Conversei com alguns desses casais. Um deles me informou que está na faixa dos 65 anos, filhos casados, e agora os dois querem uma amiga íntima para passar horas agradáveis. A mulher admite que o desejo de formar um trisal é mais do marido do que propriamente dela, mas topou. “Somos felizes juntos, nos damos muito bem, vida sexual satisfatória, mas há essa curiosidade, principalmente da parte dele, não sei se da minha parte é mais fantasia, talvez na hora de concretizar eu não consiga”, confessa a esposa.
Ela conta que compraram um celular só para marcar encontros, mas o que mais tem aparecido são garotas muito jovens em busca de casais mais velhos que as sustentem. “Isso não queremos. Nada de ser sugar daddy ou sugar mammy. Não queremos uma sugar baby, temos filhos dessa idade, seria um absurdo!”, diz a esposa, indignada com as propostas de mocinhas abusadas.
Na realidade, o termo sugar é usado atualmente como uma nova forma de prostituição. “Em troca de companhia e sexo, a pessoa quer alguém que pague suas contas”, lembra o terapeuta.
Mas os casais muito jovens também querem formar um trisal. “Uma relação sem ciúme, sem posse, mais moderna”, define uma garota de 25 anos, casada há dois com um rapaz de 27. Há, inclusive, aplicativos destinados especificamente para o sexo a três – ou mais. Parece que virou moda. Na verdade, como comenta Márcio Belo, o desejo sexual é alimentado pelas fantasias, e uma delas é a introdução de outras pessoas dentro de uma relação a dois. Hoje, isso fica mais evidente com os sites de relacionamento; a internet ajuda a visibilizar isso de uma forma maior.
“A grande questão é como fazer isso, pois para o casal abrir essa relação, o contrato conjugal tem que estar muito bem estabelecido, e um dos critérios é não ter ciúmes e não fazer isso só pelo outro.
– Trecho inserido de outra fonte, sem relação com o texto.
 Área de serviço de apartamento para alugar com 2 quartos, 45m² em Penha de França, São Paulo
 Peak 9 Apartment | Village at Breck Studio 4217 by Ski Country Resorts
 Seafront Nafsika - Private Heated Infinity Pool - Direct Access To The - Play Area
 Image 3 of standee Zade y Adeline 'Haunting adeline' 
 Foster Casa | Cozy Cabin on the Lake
Isso gera um conflito muito grande pelo fato de você abdicar de seu prazer só pelo prazer do outro, numa situação incômoda e geradora de ciúmes. Outra possibilidade é você se apaixonar pela terceira pessoa”, exemplifica.
O Brasil é um dos países que mais consomem pornografia na internet e com a pandemia isso aumentou.
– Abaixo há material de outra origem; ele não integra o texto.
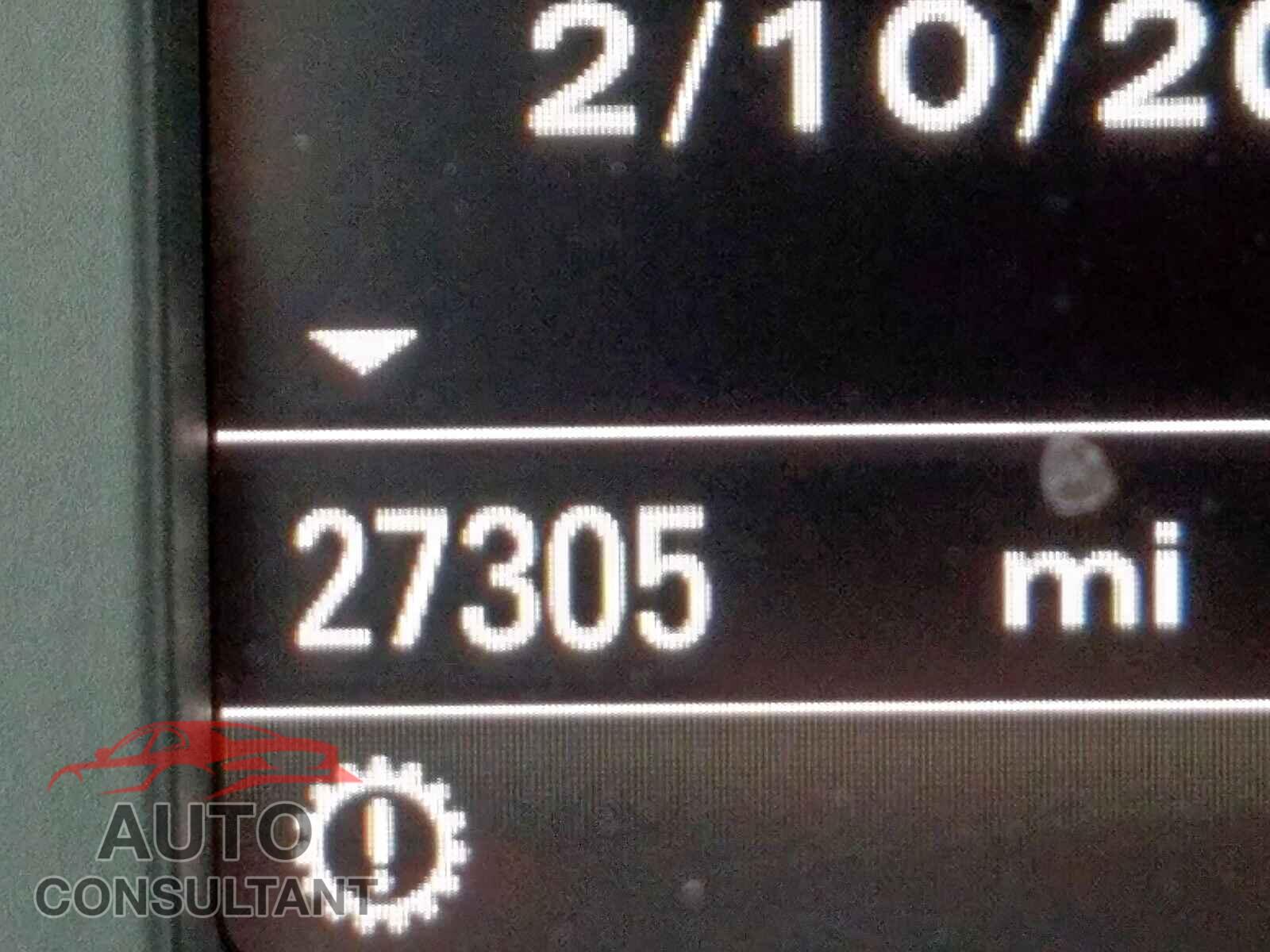 AUDI Q3 2017 - MAJ6S3GL6KC273005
A questão é, segundo o sexólogo, se dentro do casamento isso é traição ou não, depende do contrato. Outro ponto do poliamor, por sinal bem complexo, é se os mais jovens estão em busca de liberdade ou têm dificuldade em lidar com a frustração monogâmica.
“Muitos têm uma ilusão de que, quando você se casa, vai desejar só aquela pessoa para o resto da vida, quando não é verdade. O que você faz dentro do contrato monogâmico é exercer o seu desejo sexual apenas para aquela pessoa com quem se casou, mas pode ter desejo por outras pessoas, então cria uma frustração por não conseguir realizar esses desejos. E, às vezes, entra a dificuldade de cumprir esse contrato de fidelidade”, completa.
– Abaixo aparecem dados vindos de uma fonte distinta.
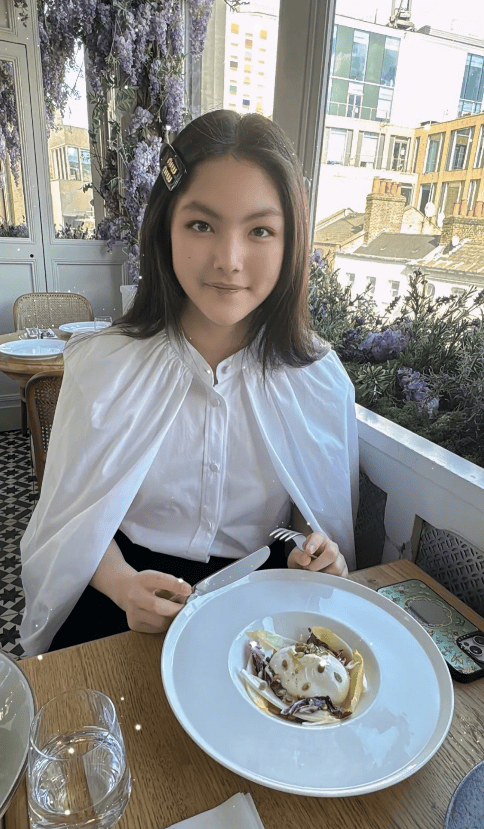 原创李湘女儿越来越会美穿21500大衣双手插兜气场堪比主持人妈妈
Socialmente, como lembra o especialista, a construção do amor foi baseada no amor romântico, patriarcal, heteronormativo e monogâmico, então essa nova forma de se relacionar pode causar repulsas, descrenças e preconceitos. “A viabilidade deste exercício de amar depende da quebra de paradigmas pessoais e sociais”, observa.
Segundo o terapeuta de casais, o amor romântico não serve mais para nada.
“Os casamentos modernos precisam de parceria, cumplicidade, respeito, desejo sexual, renúncias, enfim, de tudo o que é mais importante para manter a relação, e o amor romântico é idealizado, ele não existe, não dá sustentação ao casamento”, esclarece.
O conceito de poliamor se baseia no amor livre, da não monogamia, da responsabilidade, da compersão (inverso do ciúme), do respeito à individualidade, da liberdade sexual, da equidade de gênero e do diálogo. “Em estudos americanos, o poliamor é interpretado de diversas formas: prática de relacionamento, filosofia, teoria, estilo de amar (lovestyle), orientação de relacionamento (relantionship orientation) e identidade. Para que esta prática funcione, os poliamoristas, denominação dos que praticam, têm que ter os conceitos e regras muito bem estabelecidos para evitar conflitos e sofrimentos”, conclui Márcio Belo.
O especialista confirma: “Os casais que procuram por terapia para resgatar o casamento, em sua grande maioria conseguem manter a relação de uma forma mais leve e funcional”. Boa notícia!